So what distinguishes now from back in my generation’s day is that for Hope to take to the streets—in the millions, in the tens of millions, and much more—and not just to take to the streets but to develop and retain and act on lessons of resistance and of serious thought about desires and aims for a worthy future will require something very different than what jump-started the Sixties. It will take really hard work. Revealed horrors won’t yield much. People will have to constructively, productively, continuously reveal what can be better and how to attain it.
There is another factor as well. Back in the day, when some young people on a campus were shocked by revelations that all was not remotely as we had been told, we went rogue—meaning, we became criminals in the eyes of America, in the eyes of our parents, neighbors, friends, and faculty. We became walking, talking, horribly threatening oddities, and we had a place to go to look for allies. We could hang out and recruit wherever other young people had been already acclimated to rebellious inclinations by the also emerging hippie phenomenon—which was pretty much everywhere young folks congregated. Do not fold, spindle, mutilate. My radical long hair teamed up with your hippie long hair. My radical mattress on the floor joined your yippee mattress on the floor.
The point is, recently, highly politicized activists had a giant pool of ready—and in some cases even eager—young people to recruit help from. That advantage that we once had is missing now. Nothing quite like what propelled resistance then exists now. First, there is no outraged shock and horror at revelation. There is not a naiveté to offend. That simply can’t happen anymore. Everything bad is expected, and worse. So nothing is revealed. Second, also missing is any prospect of really easy sustainable organizing. Alienation at ticky tacky prospects, coupled to music becoming incendiary, coupled to people having a lot of time on their hands, created a ready army of potential partners, back when, but that is in the past.
So we have to face the hard truth—for Hope to surface beyond nooks and crannies, and to become intense and solid—will take hard work. First, break passivity in oneself. Second, break passivity in others. Become goal seeking. Maintain ourselves against the grain of every self oriented collectivity denying pressure around us, not only from the mainstream, but even from most of so-called alternative culture.

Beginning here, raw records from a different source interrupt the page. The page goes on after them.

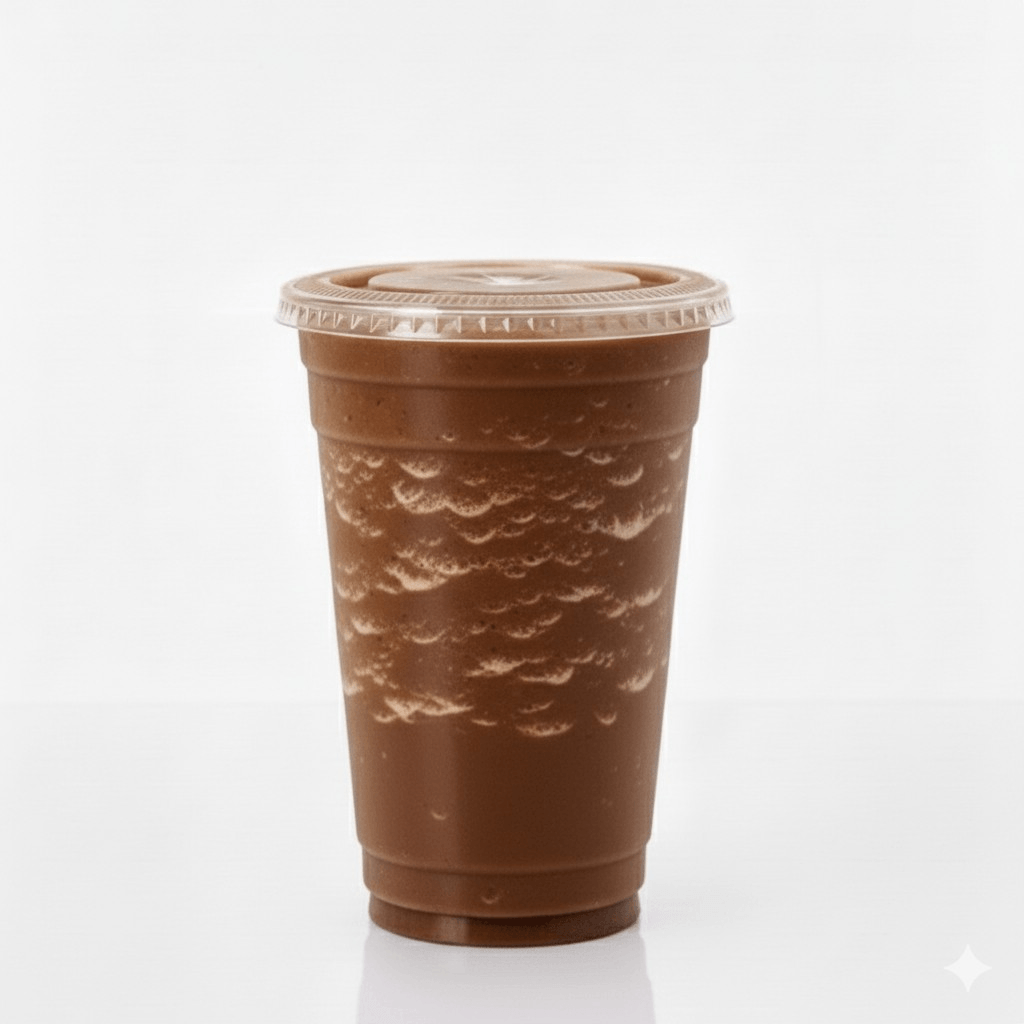 Mocha Cold Brew Coffee.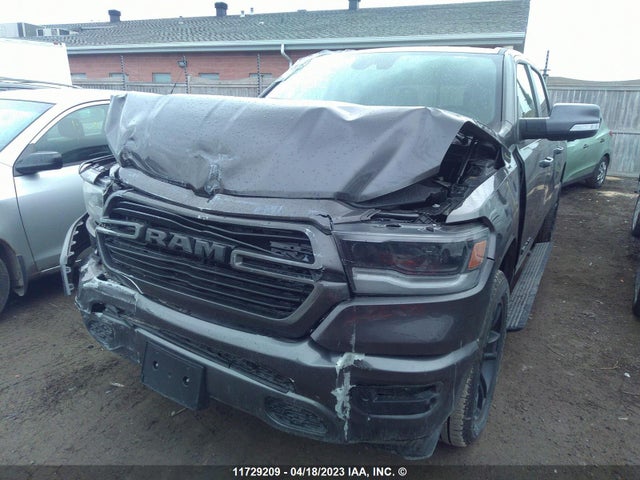1C6SRFTT7NN462547 RAM 1500 Sport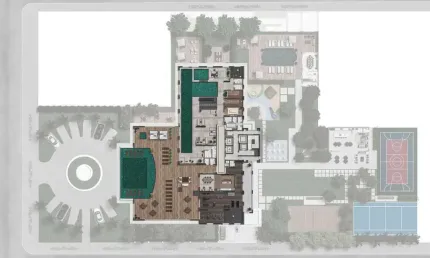 Apartamento com 4 quartos à venda na Avenida Presidente Juscelino Kubitscheck De Oliveira, Zona 02, Maringá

And then, finally, move past passivity to galvanize passionate positive desire. Move past wild negative anger to share unswerving positive vision. Seek gains now, over and over, conceived to lead to more gains later, until we achieve our vision.
In bad economic times, it is hard to break from financial accounting practices. In self-centered harping/whining times, it is hard to consider wider aims and implications. Without breaking from financial accounting practices and without considering wider aims and implications, however, we can’t sustain ourselves to tirelessly seek better. When one doubts that anyone else will ever do anything lasting, it is hard to motivate oneself to do something lasting. Yet without achieving lasting commitments, there is nothing. Make struggle last: tenacious, tireless, continuous.
But, wait, maybe I am being just a little too hard on my own generation. Think back again, not to 1968, but earlier, to 1962, say. What became the full blown Sixties just a few years later had its foundations laid then—and earlier, too. And who did that? Lonely people who risked their friendships, their family ties, their future, and even their health and safety. Lonely people who dissented when dissent was simply unheard of.
So, it is certainly harder now, in some ways, but it is also easier in other ways. There was no digital megaphone with which to reach large audiences then. At the outset, look at all the lonely people. Then some resisted. Some persisted. Some burned or sold out—but first all woke up. Maybe that is the real analogy to now. We need to wake up, not as in those past times to escape utter ignorance and attain anger—but in these current times to escape lethargic defeatism and attain vision-fueled desire.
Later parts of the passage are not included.